Undergraduate Student @ University of Science, VNU-HCM
My general interests are Deep Learning, Computer Vision and Multimodal Models and their applications in real-world problems Currently, my research focused on Vision-Language Models (VLMs) and Multimodal Large Language Models (MLLMs).
Research
Bridging the Training-Deployment Gap: Gated Encoding and Multi-Scale Refinement for Efficient Quantization-Aware Image Enhancement
Designing an efficient image enhancement model for RGB photos. The model is designed to improve the visual quality of images to match one taken from Canon 70D DSLR, while maintaining computational efficiency, making it suitable for real-time applications on mobile devices. The 8-bit quantized model achieved 21.050 PSNR and 0.725 SSIM on the DPED dataset even with only 915K parameters.
Performing 3D image segmentation to detect surfaces in ancient scrolls.

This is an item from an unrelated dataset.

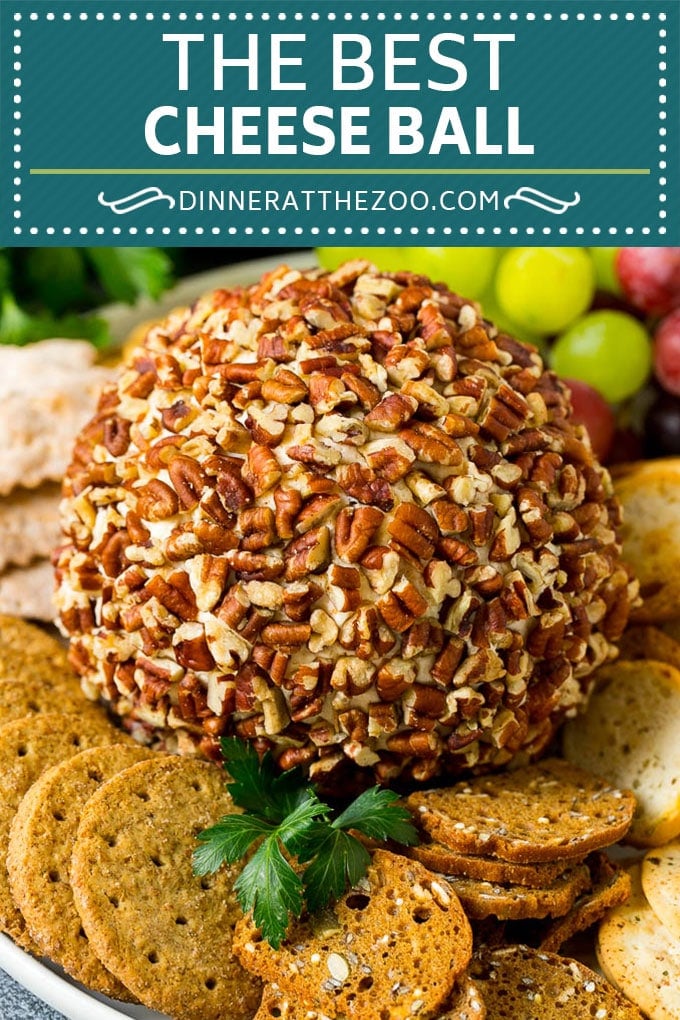 Cheese Ball Recipe #cheese #cheeseball #pecans #appetizer #snack #keto #lowcarb #sadud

Experimenting with different techniques such as 2.5D approach using MONAI library, 3D segmentation using nnUNetv2 library, and post-processing methods to improve segmentation quality.

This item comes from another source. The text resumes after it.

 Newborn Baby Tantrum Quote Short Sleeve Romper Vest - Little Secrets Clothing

Enhancing traffic video understanding and captioning by developing rigorous pipeline that integrates spatio and temporal information to boost the performance of existing Vision-Language Models. Designing novel caption decomposition strategy to cover spatio and temporal aspects of traffic videos. Extensive experiments on AI City Challenge datasets demonstrate the effectiveness of our proposed method. This pipeline achieved 7th place in the ICCV 2025 AI City Challenge Track 2.
Implementing and comparing MaskRCNN and DeeplabV3 for semantic segmentation on the Cityscapes dataset. Training both models from scratch and evaluating their performance using metrics such as mIoU and pixel accuracy.
Implementing normal research papers in the field of deep learning, computer vision and natural language processing. This project serves as a personal repository to practice and understand various research papers by implementing them from scratch.